Pemerintah Impor Garam, Gimana Nasib Puluhan Ribu Ton Produk Lokal yang Numpuk di Gudang?

Pemerintah Impor Garam Stok Lokal Numpuk
Menteri Kelautan dan Perikanan (KP) Sakti Wahyu Trenggono saat meninjau Tunel Tambak Garam di Desa Tlogopragoto, Kecamatan Mirit, Kabupaten Kebumen, Jawa Tengah, Jumat (12/3). Foto: Instagram/swtrenggono

Ngelmu.co – Menteri Kelautan dan Perikanan (KP) Sakti Wahyu Trenggono, mengatakan bahwa tahun ini, pemerintah telah memutuskan untuk mengimpor garam.

“Impor garam sudah diputuskan melalui rapat Menko (Kementerian Koordinator Bidang Kemaritiman dan Investasi),” tuturnya, mengutip Antara, Ahad (14/3) lalu.

Saat ini, pihaknya sedang menunggu data kebutuhan garam di Indonesia, untuk mengetahui jumlah kekurangan, dan menutupnya dengan impor.

“Nanti, misalnya kekurangannya berapa, itu baru bisa diimpor, kita menunggu itu,” kata Trenggono.

Impor garam ini, lanjutnya, sesuai neraca perdagangan agar kebutuhan dalam negeri dapat terpenuhi.

“Karena itu sudah masuk dalam Undang-Undang Cipta Kerja,” jelas Trenggono.

Baca Juga: Harapan Swasembada Garam Sejak 2015 Belum Terjawab Hingga 2021

Pertanyaannya, bagaimana dengan nasib puluhan ribu ton garam lokal yang masih menumpuk di gudang?

Seperti sisa produksi tahun 2020. Tercatat sekitar 37 ribu ton garam, tersimpan di gudang-gudang yang ada di Cirebon, Jawa Barat.

Menanggapi hal ini, saat mengunjungi washing plant [unit pengolahan garam] di Krangkeng, Indramayu, Trenggono menyampaikan cara agar dapat mempercepat distribusi serta penjualan garam lokal.
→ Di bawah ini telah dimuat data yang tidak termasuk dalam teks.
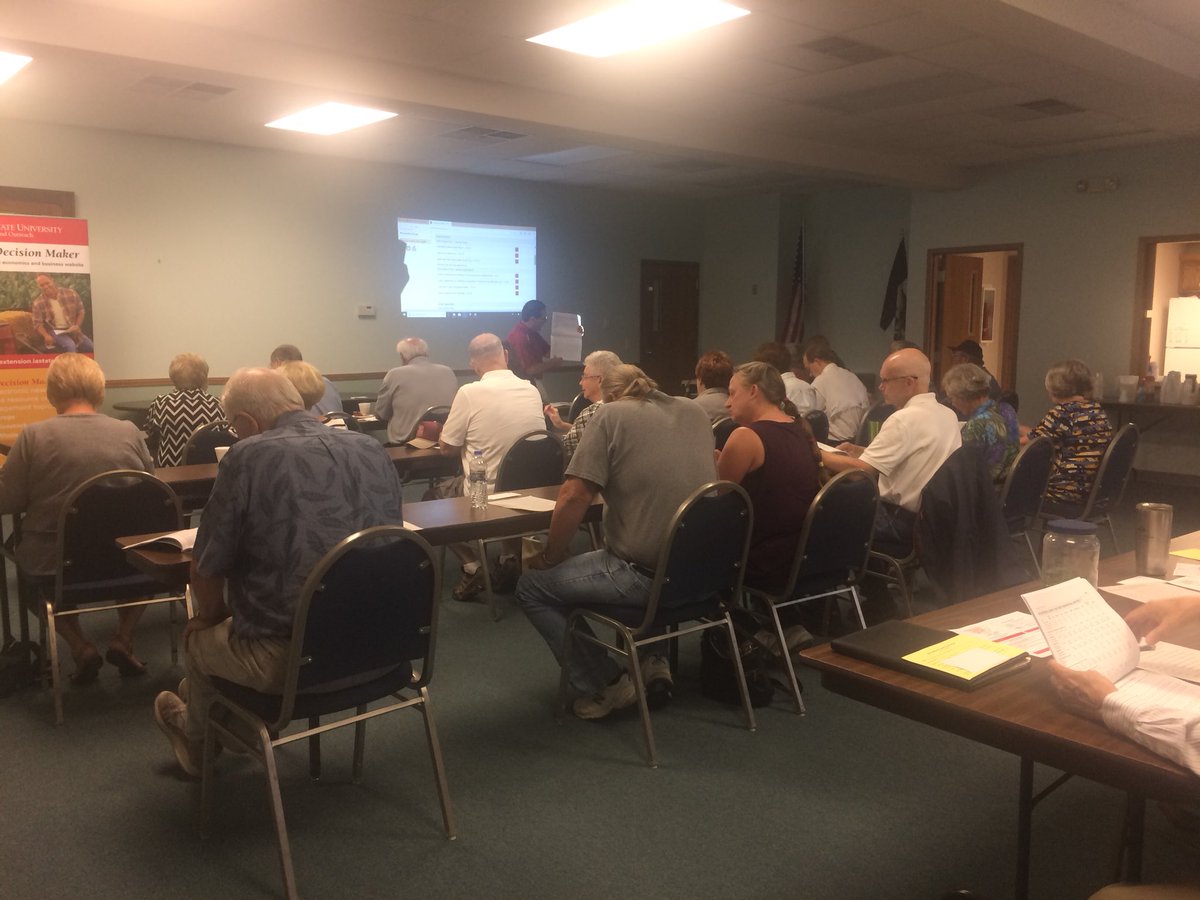 WarrenCountyEXT's tweet photo. Full house at the Warren County Farmland Leasing Meeting with Steve Johnson! Building a #StrongIowa https://t.co/3kxzb1sx7j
Ia mengaku, akan mendorong koperasi petambak garam di Indramayu, termasuk meningkatkan daya jual produk yang dihasilkan petambak di daerah tersebut.

“Salah satu caranya, dengan menyiapkan garam dalam bentuk kemasan, agar bisa langsung dijual ke pasar,” ujar Trenggono, mengutip kkp.go.id, Senin (15/3).

Ia juga menjabarkan, bahwa produksi garam di Indramayu, pada 2020 lalu, mencapai 361 ribu ton.

Namun, penyerapannya belum menyeluruh, karena kelompok petambak hanya menjual hasilnya ke pabrik-pabrik untuk diolah lagi menjadi garam kemasan.

Itu sebabnya, setiap tahun garam tersisa dan menumpuk di gudang, karena pabrik juga memiliki keterbatasan dalam pengolahan.

“Kalau begitu, dikemas, supaya bisa langsung dijual ke pasar. Bukan hanya dijual ke pabrik,” pungkas Trenggono.